In light of the foregoing, it is apparent that a lower cost per data point could be attained if the data acquisition process relied less on traditional ship based measurement techniques. To date, there have been various proposals of data acquisition devices which obtain environmental data without the need for a manned vessel to place the device or acquire data therefrom. However, there have been no proposals for a completely autonomous data acquisition instrument capable of: (1) cyclically profiling environmental data over a range of depths, (2) acquiring geographic positions, (3) conducting two way communications, and (4) collecting additional energy over extended periods of time.
With current systems, data collection and distribution is limited by telemetry and power systems, which reduce the amount of data collected and the life of the instrument. There is no provision for bi-directional communications and locating capability, and these instruments must therefore be preprogrammed or moored at fixed locations for later retrieval, all at increased expense. Duda, et al., "The Cartesian Diver: A Self-Profiling Lagrangian Velocity Recorder", Jour. of Atmos. and Ocean. Tech., Vol. 5, No. 1 (Feb 1988), describes a device to vertically profile several parameters. The data are stored in the device for later retrieval. There is no provision for determining location.
Rossby, et al., "The RAFOS System", Jour. of Atmos. and Ocean.
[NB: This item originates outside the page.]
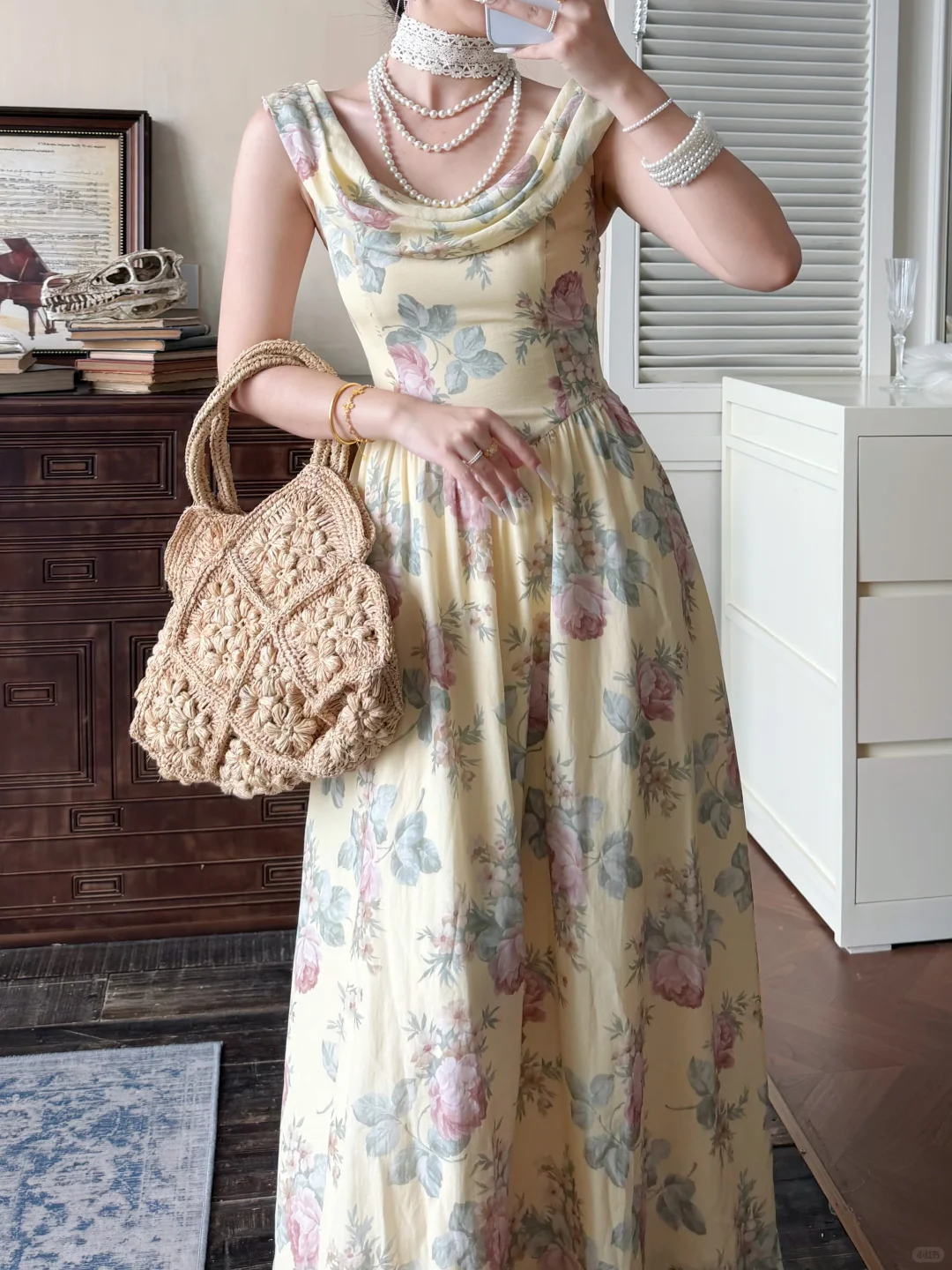 Pretty Light Yellow A Line Print Flower Satin Long Prom Dress Evening Dress DP5645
Tech., Vol. 3, No. 4 (Dec 1986), describes a subsurface free drifting device (RAFOS) which uses acoustic (experiment specific) tracking methods for determining location of the unit from a remote site (the device has no self-locating capability). Data is communicated using the ARGOS satellite system. Only a small amount of data is stored in RAFOS and the ARGOS satellite data transmission occurs only at the end of a drifting period. The ARGOS system is transmit only, and limited to approximately 256 bits/10 minute satellite pass with a maximum of thirty passes per day at the earth's poles and as low as six passes at the equator. It is significant that an ARGOS based instrument such as RAFOS does not know where it is and hence cannot make a decision based on position. The lack of instrument knowledge of position adds to the uncertainty of when a polar orbiting satellite will be available for data transmission. This uncertainty requires a high level of redundant data transmission and thus increases the amount of energy needed per bit of useful data.
Davis et al (Scripps Institute of Oceanography) have constructed a Lagrangian drifter (ALACE) similar to RAFOS also using ARGOS for data telemetry as well as location determination (from a remote site).
None of the foregoing systems include energy collection, global positioning capability (GPS) or global bi-directional telecommunications. Accordingly, persons skilled the art will recognize that there remains a compelling need for an autonomous controllable, oceanographic data sampling system capable of long term, free ranging movement through oceans and large fresh water bodies.